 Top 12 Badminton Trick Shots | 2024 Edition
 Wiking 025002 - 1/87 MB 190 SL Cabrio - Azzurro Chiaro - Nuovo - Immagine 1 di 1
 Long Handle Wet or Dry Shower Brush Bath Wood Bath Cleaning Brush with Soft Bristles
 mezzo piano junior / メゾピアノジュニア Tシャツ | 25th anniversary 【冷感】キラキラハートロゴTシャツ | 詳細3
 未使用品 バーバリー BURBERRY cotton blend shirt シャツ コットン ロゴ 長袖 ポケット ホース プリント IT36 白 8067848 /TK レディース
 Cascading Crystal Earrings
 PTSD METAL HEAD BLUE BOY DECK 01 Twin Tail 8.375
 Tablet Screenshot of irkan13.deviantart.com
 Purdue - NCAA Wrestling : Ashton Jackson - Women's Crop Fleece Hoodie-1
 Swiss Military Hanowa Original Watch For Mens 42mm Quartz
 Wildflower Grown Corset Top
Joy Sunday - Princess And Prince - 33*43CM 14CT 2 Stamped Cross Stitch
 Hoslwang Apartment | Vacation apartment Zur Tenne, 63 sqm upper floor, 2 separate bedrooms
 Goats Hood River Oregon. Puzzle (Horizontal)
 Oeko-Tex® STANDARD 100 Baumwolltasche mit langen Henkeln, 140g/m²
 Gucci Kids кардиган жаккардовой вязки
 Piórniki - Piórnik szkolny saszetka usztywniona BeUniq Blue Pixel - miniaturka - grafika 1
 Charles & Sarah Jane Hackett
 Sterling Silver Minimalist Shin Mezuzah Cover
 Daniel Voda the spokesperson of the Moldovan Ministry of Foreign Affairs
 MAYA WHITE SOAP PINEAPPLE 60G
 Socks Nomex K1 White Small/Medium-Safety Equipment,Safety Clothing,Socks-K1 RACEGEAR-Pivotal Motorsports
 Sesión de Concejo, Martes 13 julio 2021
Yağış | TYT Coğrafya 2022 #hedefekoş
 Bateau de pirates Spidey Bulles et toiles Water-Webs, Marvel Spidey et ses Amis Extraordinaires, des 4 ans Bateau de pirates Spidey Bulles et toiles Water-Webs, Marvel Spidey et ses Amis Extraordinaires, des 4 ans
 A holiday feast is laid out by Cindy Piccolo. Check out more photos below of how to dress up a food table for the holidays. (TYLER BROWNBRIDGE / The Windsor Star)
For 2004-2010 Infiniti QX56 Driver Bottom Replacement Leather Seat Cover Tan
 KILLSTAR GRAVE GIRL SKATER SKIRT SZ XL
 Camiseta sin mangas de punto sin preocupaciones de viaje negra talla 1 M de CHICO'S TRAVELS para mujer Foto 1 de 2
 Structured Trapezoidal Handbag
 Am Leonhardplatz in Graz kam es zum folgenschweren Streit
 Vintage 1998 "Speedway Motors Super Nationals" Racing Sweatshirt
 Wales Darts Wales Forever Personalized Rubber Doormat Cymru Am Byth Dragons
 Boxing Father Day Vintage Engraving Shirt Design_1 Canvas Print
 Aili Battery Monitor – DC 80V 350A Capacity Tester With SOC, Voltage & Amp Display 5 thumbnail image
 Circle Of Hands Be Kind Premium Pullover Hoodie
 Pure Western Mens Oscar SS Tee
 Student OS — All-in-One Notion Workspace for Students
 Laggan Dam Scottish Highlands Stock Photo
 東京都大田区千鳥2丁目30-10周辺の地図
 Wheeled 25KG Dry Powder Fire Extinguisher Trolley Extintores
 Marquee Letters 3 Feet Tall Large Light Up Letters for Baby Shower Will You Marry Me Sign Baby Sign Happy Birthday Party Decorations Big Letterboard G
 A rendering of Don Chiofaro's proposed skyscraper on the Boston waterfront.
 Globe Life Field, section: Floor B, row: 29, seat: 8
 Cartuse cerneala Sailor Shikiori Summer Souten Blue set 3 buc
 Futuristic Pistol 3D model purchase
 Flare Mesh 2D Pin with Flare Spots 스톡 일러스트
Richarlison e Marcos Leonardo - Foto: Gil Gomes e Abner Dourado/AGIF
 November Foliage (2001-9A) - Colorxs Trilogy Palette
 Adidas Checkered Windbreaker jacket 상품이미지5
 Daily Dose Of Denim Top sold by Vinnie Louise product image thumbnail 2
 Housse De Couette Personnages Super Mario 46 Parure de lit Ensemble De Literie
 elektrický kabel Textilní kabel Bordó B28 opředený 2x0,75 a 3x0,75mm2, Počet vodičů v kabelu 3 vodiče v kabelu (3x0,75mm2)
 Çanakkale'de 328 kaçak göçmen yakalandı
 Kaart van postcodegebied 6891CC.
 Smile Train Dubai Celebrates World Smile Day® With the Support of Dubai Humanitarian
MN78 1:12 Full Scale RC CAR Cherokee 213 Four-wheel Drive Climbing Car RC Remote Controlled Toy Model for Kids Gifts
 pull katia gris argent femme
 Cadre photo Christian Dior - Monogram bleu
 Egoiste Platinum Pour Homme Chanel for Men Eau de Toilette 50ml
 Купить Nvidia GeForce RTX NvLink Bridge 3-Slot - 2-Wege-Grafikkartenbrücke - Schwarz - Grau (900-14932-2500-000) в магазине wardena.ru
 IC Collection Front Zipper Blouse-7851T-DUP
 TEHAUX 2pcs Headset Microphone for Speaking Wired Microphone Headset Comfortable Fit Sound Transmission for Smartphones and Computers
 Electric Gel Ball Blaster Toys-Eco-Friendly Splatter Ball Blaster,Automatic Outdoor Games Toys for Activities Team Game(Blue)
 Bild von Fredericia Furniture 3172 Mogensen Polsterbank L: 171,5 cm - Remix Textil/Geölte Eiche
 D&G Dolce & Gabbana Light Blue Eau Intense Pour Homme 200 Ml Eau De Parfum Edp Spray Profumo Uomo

##########

▶ _EXERCISE PROMPT_
Transcribe exactly, and only, the lines from the one with "Egoiste Platinum Pour" through the last line of the data.

▶ _RESPONSE TO THIS TASK_
 Egoiste Platinum Pour Homme Chanel for Men Eau de Toilette 50ml
 Купить Nvidia GeForce RTX NvLink Bridge 3-Slot - 2-Wege-Grafikkartenbrücke - Schwarz - Grau (900-14932-2500-000) в магазине wardena.ru
 IC Collection Front Zipper Blouse-7851T-DUP
 TEHAUX 2pcs Headset Microphone for Speaking Wired Microphone Headset Comfortable Fit Sound Transmission for Smartphones and Computers
 Electric Gel Ball Blaster Toys-Eco-Friendly Splatter Ball Blaster,Automatic Outdoor Games Toys for Activities Team Game(Blue)
 Bild von Fredericia Furniture 3172 Mogensen Polsterbank L: 171,5 cm - Remix Textil/Geölte Eiche
 D&G Dolce & Gabbana Light Blue Eau Intense Pour Homme 200 Ml Eau De Parfum Edp Spray Profumo Uomo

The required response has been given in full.